Bishop of St Andrews

Robert of Scone (died 1159) was a 12th-century bishop of Cell Rígmonaid (or Kilrymont, now St Andrews). Robert's exact origins are unclear. He was an Augustinian canon at the Priory of St. Oswalds, at Nostell. His French name indicates a Norman rather than an Anglo-Saxon origin, but as he was likely born in the later 11th century, this may be due merely to the acculturation of his parents.

==Prior of Scone==
Robert was one of the most important clerics in the reign of King Alexander I of Scotland (Alaxandair mac Maíl Coluim). He was appointed as the first Prior of Scone, the flagship Augustinian monastic establishment of Alexander's reign. This may have happened as early as 1114, and Walter Bower tells us that the new priory was dedicated by Thurgot, then bishop of Cell Rígmonaid. As Turgot left Scotland in 1115, no later date would be possible if Bower is to be believed. Many historians have rejected this date, because the Augustinian Rule was not instituted at Nostell until 1119, but as Kenneth Veitch points out, the date of the formal institution of the Rule is little guide to the actual activities of the monastic establishment. Moreover, the year 1114 just happened to be the year in which Alexander was present in England in the service of his overlord, King Henry I of England.

==Bishop of St Andrews==
It was this context that made Robert a natural candidate for the chief Scottish bishopric. He was probably elected to the bishopric in 1124. The Chronicle of Melrose tells us that "in the same year, four months before his death, he [Alexander] had caused Robert, prior of Scone, to be elected bishop of St Andrews, but his ordination (i.e. consecration) was delayed for some time". The delay was certainly caused by the issue of submission to the archbishops of York, which the archbishops pressed for, but the kings of Alba refused to allow. Robert however was able to attain consecration at the hands of Thurstan, Archbishop of York in 1127, with no profession of obedience being made; it is possible the consecration took place after a meeting organized in the summer of 1127 at the church of St John at Roxburgh, where it was probably agreed that the lack of submission would not constitute a precedent.

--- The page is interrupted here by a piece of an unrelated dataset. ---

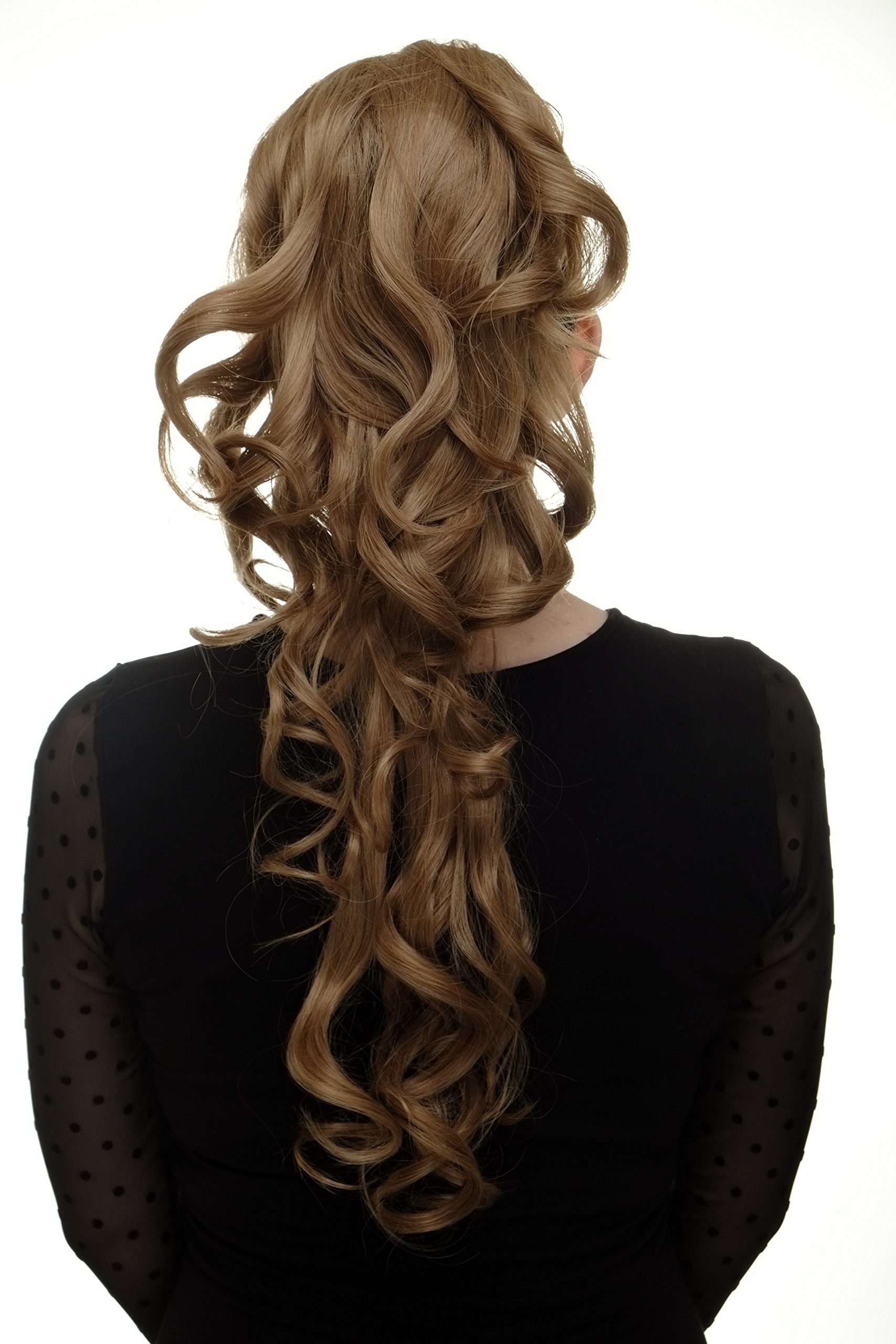 WIG ME UP WK03-15 Hairpiece ponytail with combs and elastic draw string curly voluminous very long honey blond 23inch โ image 1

==Robert and monastic patronage==
Robert's three decade episcopate would prove to be one of the most important in the history of the bishopric. Robert was not perhaps as successful as he might have been in promoting the Augustinian Order in Scotland, but he nevertheless managed to bring Augustinians to St Andrews to found a Cathedral Priory in 1144. It is relatively clear that he did this with the co-operation of Athelwold, the first prior of St. Oswald's, and Bishop of Carlisle, a fellow Nostell monk who was head of Robert's religious community in the days before the latter moved to Scotland. Robert also established two great Augustinian abbeys, Holyrood Abbey and the Arrouaisian abbey of St Mary at Stirling (Cambuskenneth).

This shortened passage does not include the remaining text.